31 of 452 comments (clear)

  1. Your biggest screw up by NotDrWho · · Score: 5, Insightful

    Hiring Ellen Pao.

    --
    SJW's don't eliminate discrimination. They just expropriate it for themselves.
    1. Re:Your biggest screw up by Anonymous Coward · · Score: 1, Insightful

      I see you haven't been keeping up on Ellen's recent goings-on. Perhaps you should educate yourself instead of just assuming people that don't like her are children.

    2. Re:Your biggest screw up by Karmashock · · Score: 5, Insightful

      Pretty much. Think of how bad it has to be for her to actually be admitting fault? We're talking about a chick that fired people that had to go off to chemo.

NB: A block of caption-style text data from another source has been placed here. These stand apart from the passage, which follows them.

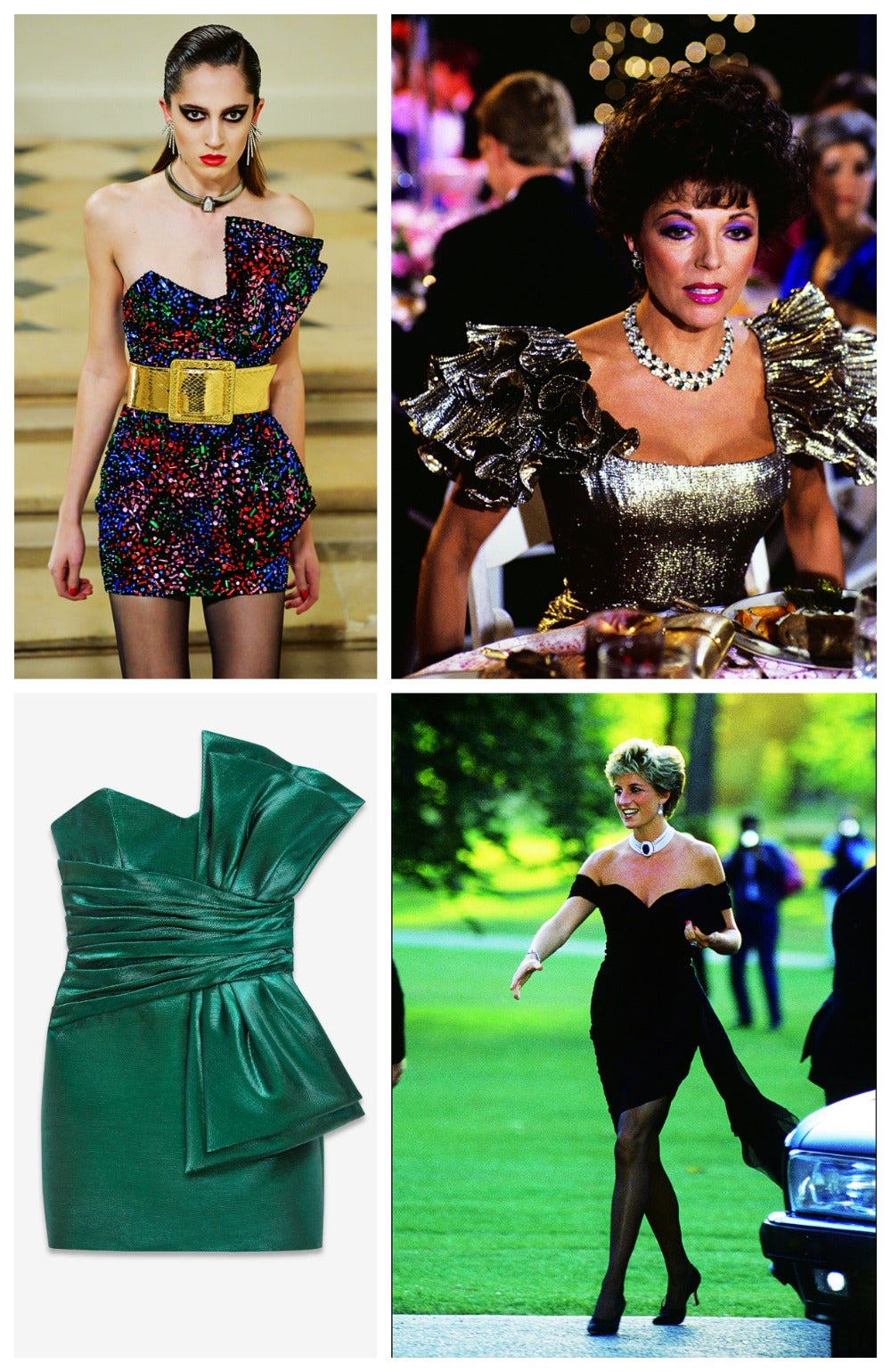 A un lado, la nueva colección Saint Laurent. Al otro, Joan Collins en Dinastía y Lady Di. Ya lo ves, los 80 vuelven a la primera fila fashion. No te cortes con el brillo, la mini y la desmesura.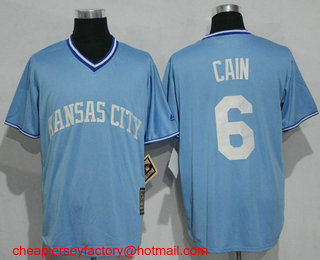 Men's Kansas City Royals #6 Lorenzo Cain Light Blue Pullover Cool Base Cooperstown Collection Jersey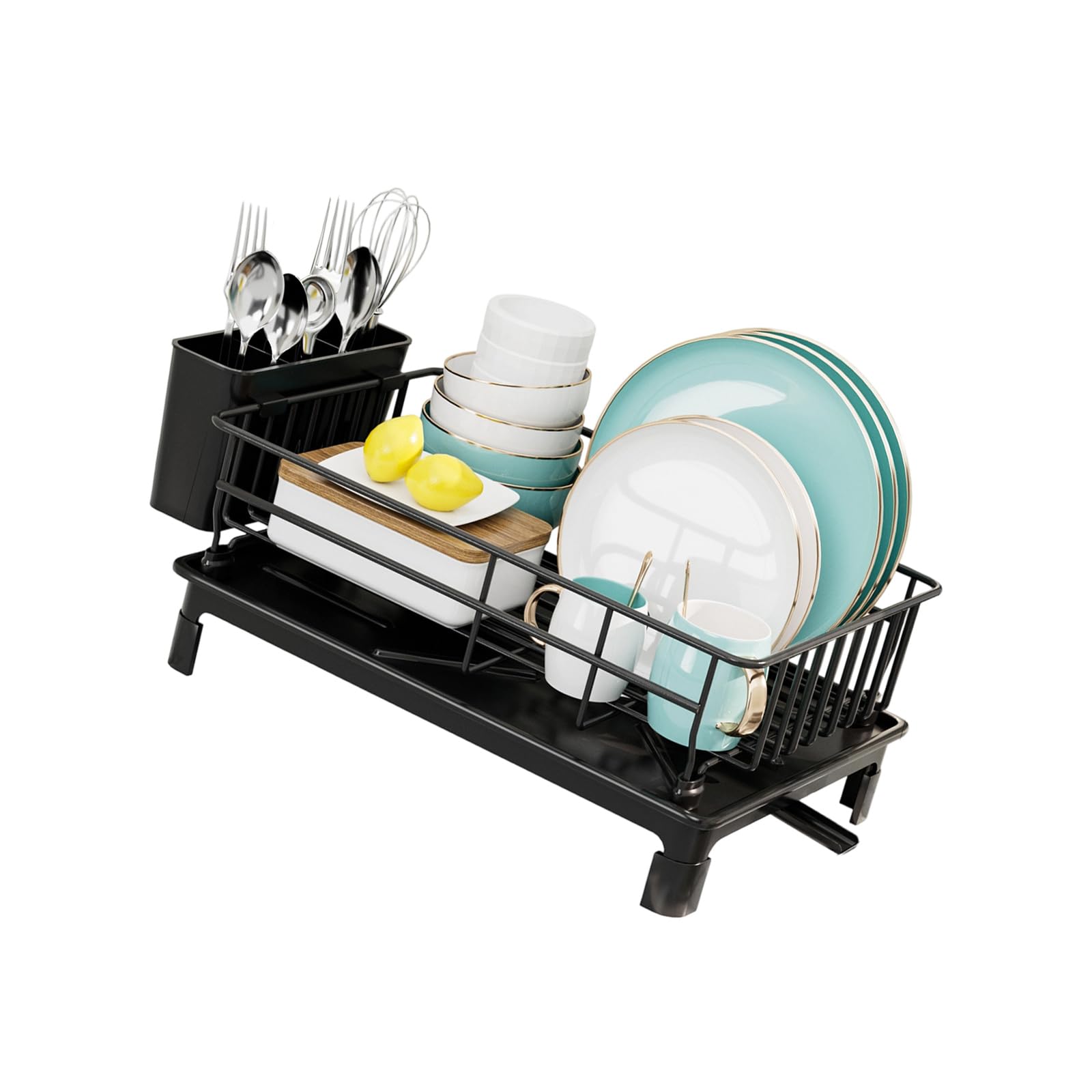Msioytog Modern White Iron Infant Safe Countertop Highlighting Removable Addition Basket and Efficient Drain Answer 38x26x15cm Rack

      If she's apologizing it means that she's afraid. And at this point given her long series of unacceptable moves... that's just blood in the water.

      --
      I've decided to stop wasting my time responding to AC trolls/sockpuppets... so if you want a response from me... login.
    3. Re:Your biggest screw up by TWX · · Score: 5, Insightful

      The biggest problem is that they are running a web site that caters to ignorant and petulant children who believe they know all there is to know and deserve all there is to have.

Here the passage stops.